Sometimes there’s so much interesting Kindle news, it’s hard to know where to start writing! Here’s a “lightning round” of some of the most interesting new developments in the Kindle world…
Amazon’s Discounting Kindle ebooks if You’ve Already Purchased a Print Edition!
I hadn’t really grasped the full significance of this, until Amazon’s Kindle Content Vice President turned up in an article about the upcoming upgrade to the Kindle Paperwhite. There’s a new service from Amazon called “Matchbook” which will let you buy the Kindle ebook version of print books you’ve bought from Amazon — even if you bought the book sometime long ago over the last 18 years! “If you logged onto your CompuServe account during the Clinton administration and bought a book like Men Are from Mars, Women are from Venus from Amazon, Kindle MatchBook now makes it possible for that purchase—18 years later—to be added to your Kindle library at a very low cost,” explained Russ Grandinetti, Amazon’s vice president of Kindle Content.
What The Kindle Paperwhite Really Means?
Everyone’s speculating on what clues we can learn about Amazon’s future plans from their upgrade to the Kindle Paperwhite. I thought The Huffington Post came up with a fairly skeptical take.. (“The upgraded Paperwhite comes at a time when sales of tablets — from companies like Apple, Samsung, Asus and Amazon itself — have eaten into sales of ereaders.
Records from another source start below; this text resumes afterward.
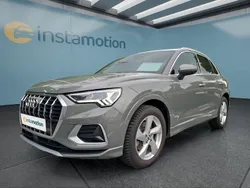 Grau Gebraucht 2019 Audi Q3 SUV | 25.499 € (Fairer Preis)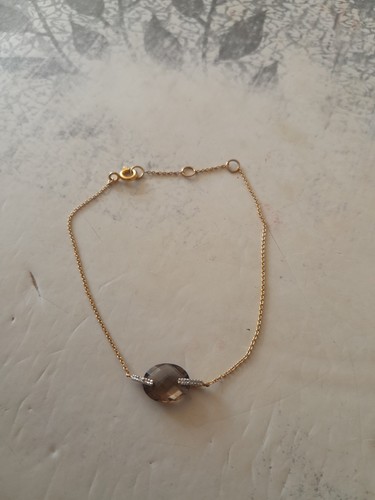 Bracelet 375 bijou 9k - bracelet,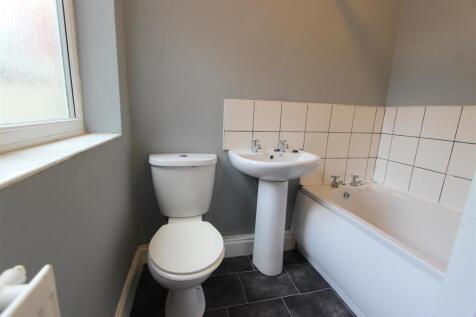 Downstairs Bathroom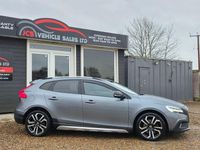 Used Volvo V40 Pro 2017 Grey Hatchback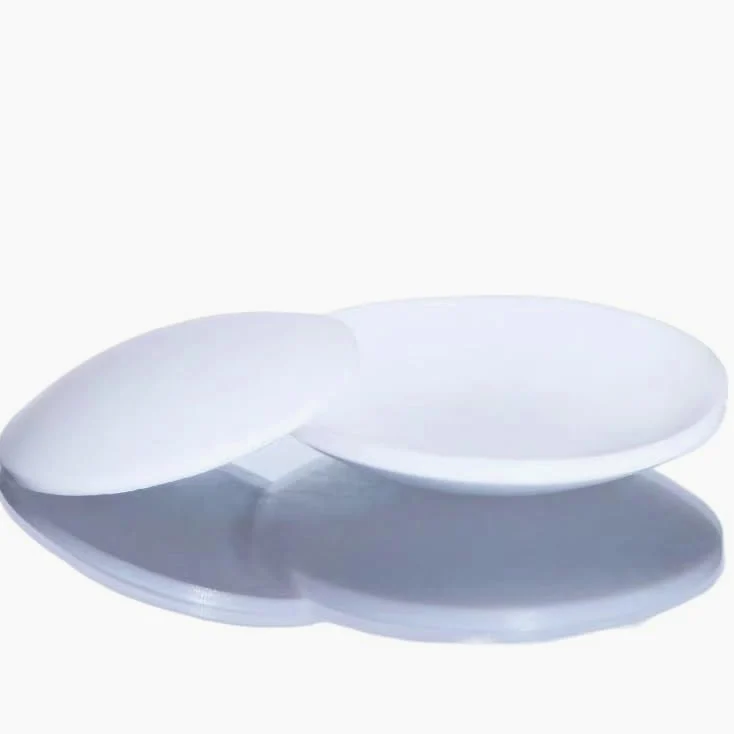 Vidrio de Reloj de PTFE for Laboratorio, Tapa de Vaso de precipitados de politetrafluoroetileno F4, Resistente a ácidos y álcalis y a Altas temperaturas(150mm 1 Piece)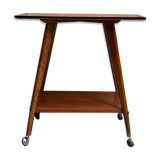 Vintage Scandinavian teak sideboard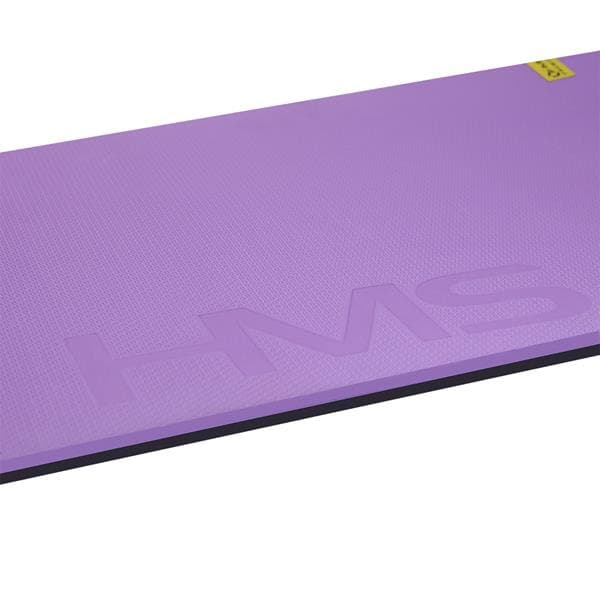 MFK01 VIOLET- SORT CLUB FITNESS MATTE MED HULLER HMS PREMIUM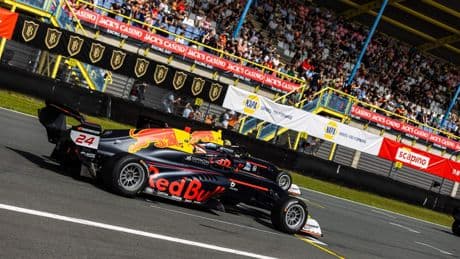 Eurocup-3 klasse nieuwe ’hit’ bij The Racing Day
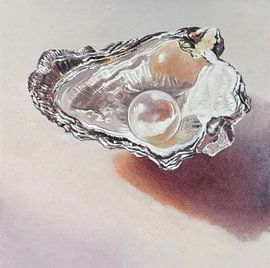 Parel & -oester van Tonkinson Fine Art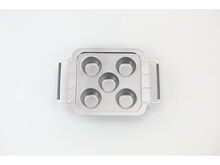 Removable Cupcake Pan – Part Number: CBO-1000CP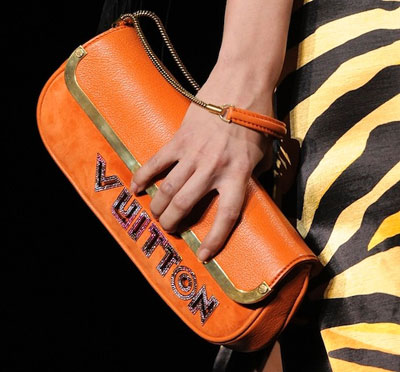 Louis Vuitton accessory collection by Marc Jacobs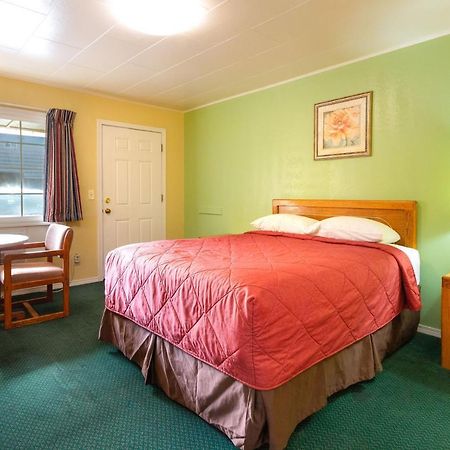 Roseburg Inn Eksteriør billede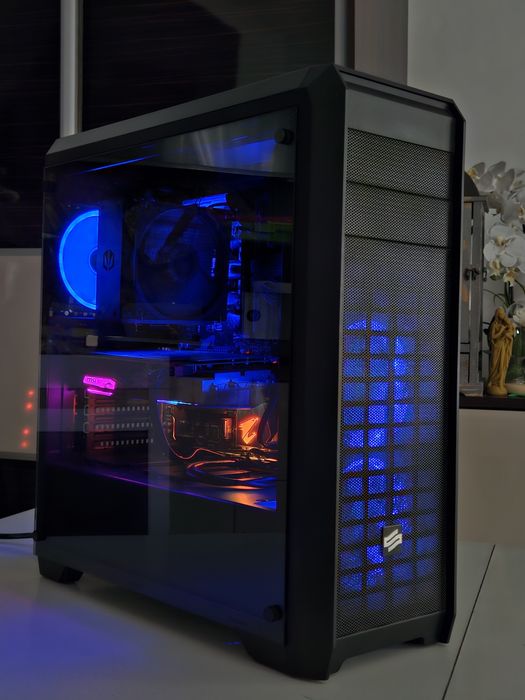 Komputer gamingowy Ryzen 7 5700x | RTX 2060 | 32 GB RAM
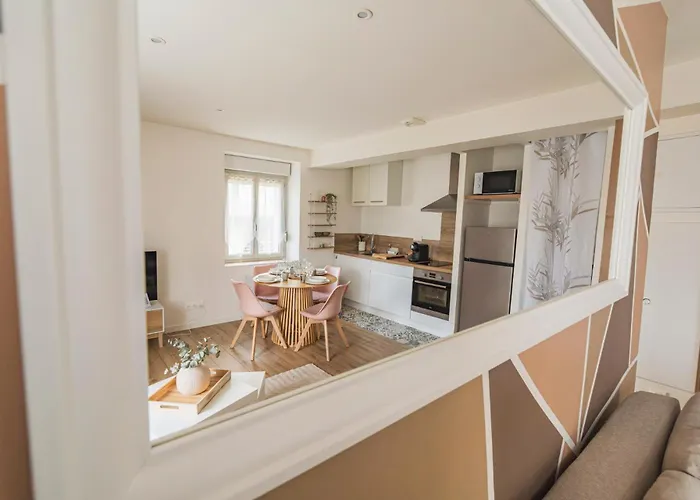 Apartment L'entracte, Reims-cormontreuil *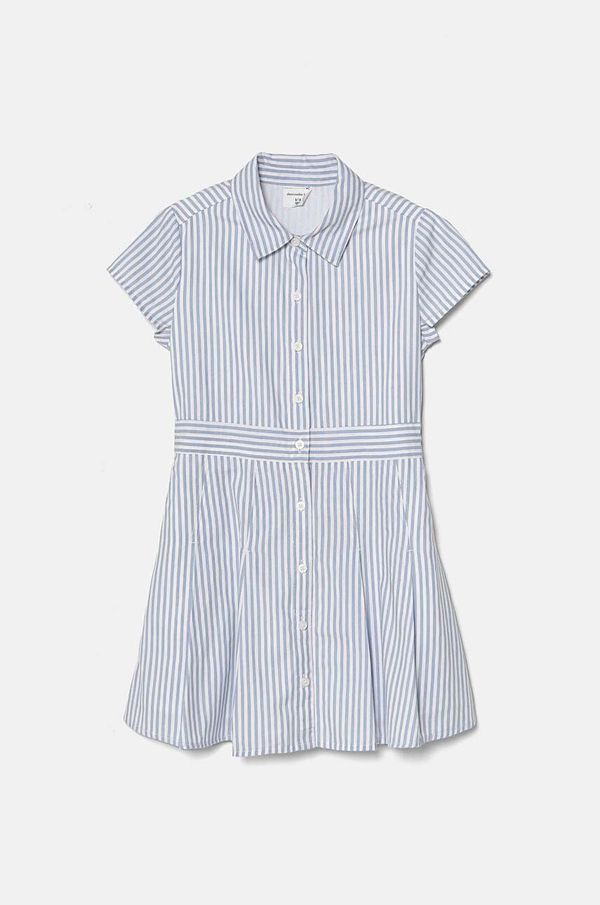 Abercrombie & Fitch Dječja haljina Abercrombie & Fitch mini, širi se prema dolje, KI259-4092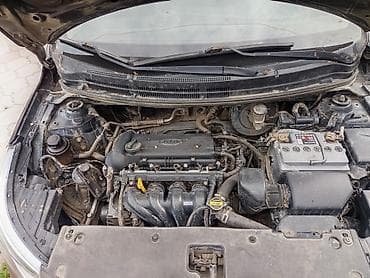 Продажа авто: Kia Rio: 2015 г., 1.6 л, Автомат, Бензин, Седан — 6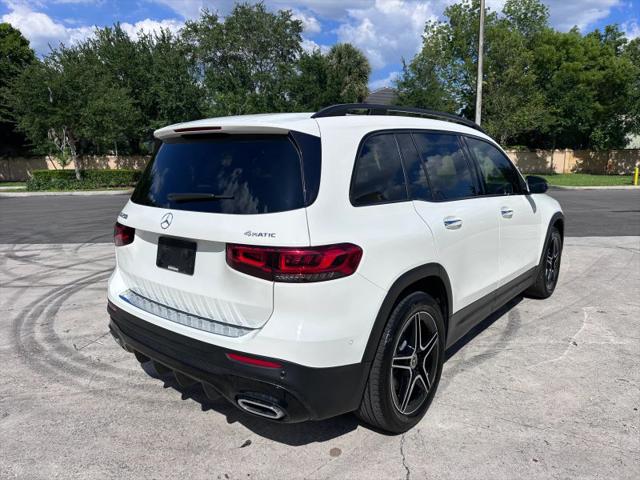 2021 Mercedes-Benz GLB 4MATIC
Sales of Kindle ereaders — which make up almost half of ereader sales worldwide — peaked in 2011 and are expected to continue to decline over the next five years, according to IDC. The technology research firm predicts a drop in all ereader sales from a peak of 26.4 million worldwide in 2011 to 11.7 million in 2017.”) Although towards the end of their article, they talked to an analyst who says Amazon underestimated just how popular color tablet computers would become — but that ultimately, this may have just spawned a new strategy for Amazon, of focusing on that “small, voracious reader group” who still prefer a dedicated black-and-white reading device.
The analyst points out, “It also happens that they’re the ones that buy the most books!”
And Amazon insists they’re still committed to their dedicated digital readers, according to USA Today‘s interview with Amazon’s Vice President of Kindle Content, who announces confidently that “based on everything we know today there’ll be many more generations of our e-reading devices from here!”
Amazon’s Still Making TV Shows
There’s still moments of giddy euphoria where it feels like the entire world of media is being re-invented by the biggest technology companies. (It still feels exciting and new for me to watch blockbuster Hollywood movies on my hand-held Kindle Fire tablet — and even episodes of TV shows!) But even then, it still felt weird when Amazon announced last year that they were now producing their own digital TV shows — including one that starred John Goodman. That show was called Alpha House — its first episode had a funny cameo by Bill Murray — and it was one of the most popular shows among online voters when Amazon debuted it last year. And now Amazon’s announced that when they release new episodes — later this year and early next — they’ll be adding even more familiar big-name TV stars to the program. (Specifically, Cynthia Nixon from Sex and the City, Wanda Sykes from Curb Your Enthusiasm, and Amy Sedaris from Strangers with Candy. The show is a political satire written by Garry Trudeau, the cartoonist who created the newspaper comic strip Doonesbury — and I’m impressed by the way it tells a story and gets its laughs without specifically attacking any political targets…other than hypocrisy.
Amazon’s Warehouses Are Still Amazing
This last item isn’t really a news story, but it’s still fascinating. Towards the bottom of their article about the Kindle Paperwhite, The Huffington Post came up with some fascinating photos of the inside of an Amazon warehouse. It made me realize that, while I’ve imagined the stacks and stacks of books, I’ve never actually seen them! And there’s even more there than I’d ever dared to dream.
The future is a wonderful and unpredictable thing. I guess it pays to stop once in a while, and at least appreciate how wonderful the present can be, too!